• **Task objective**
Leave out the pictures, and quote exactly the lines running from the one with "UNEP Conference 2012" through the last line of the entries below.

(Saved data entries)
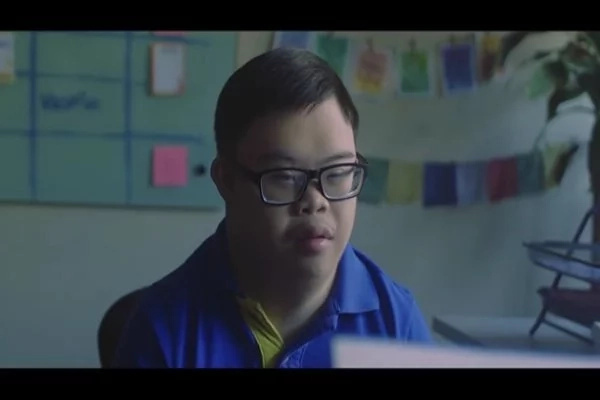 "Why Should We Hire You?" His Answer Will Inspire You. "Why Should We Hire You?" His Answer Will Inspire You.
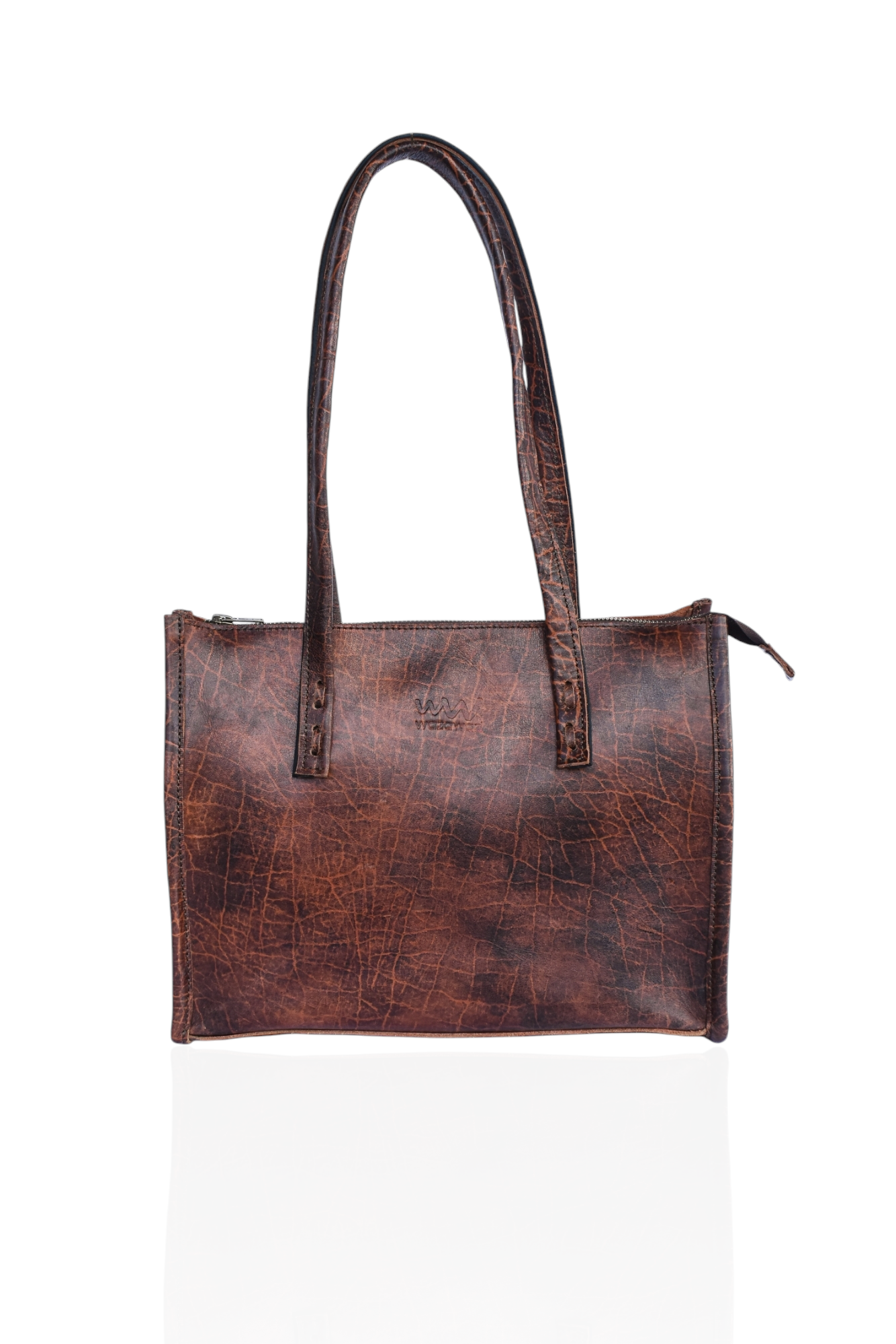 Nduta Handbag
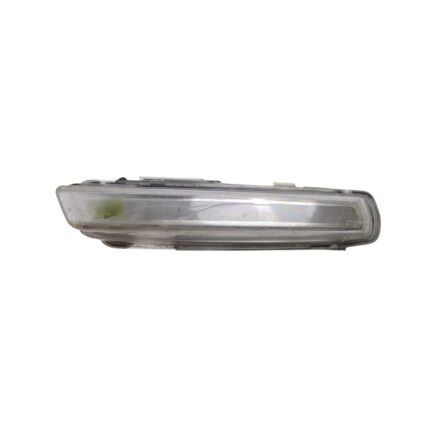 Farol Drl Diurno Esquerdo Jeep Commander 2021 2022 2023 2024
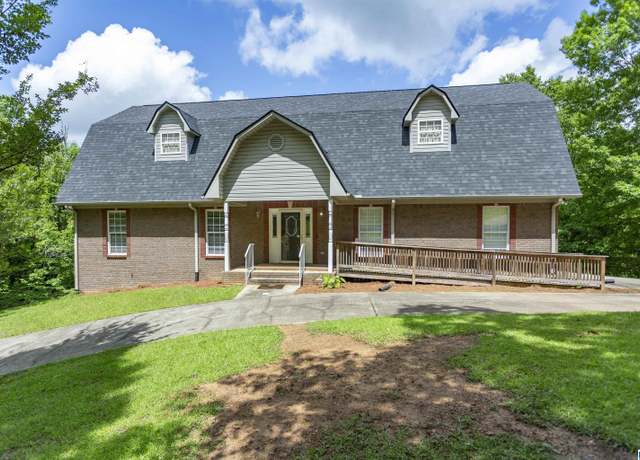 Property at 625 Beasley Rd, Gardendale, AL 35071, 3 beds, 2 baths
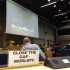 UNEP Conference 2012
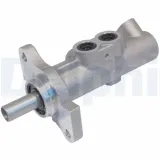 Hauptbremszylinder DELPHI LM80181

• **Finished task**
 UNEP Conference 2012
 Hauptbremszylinder DELPHI LM80181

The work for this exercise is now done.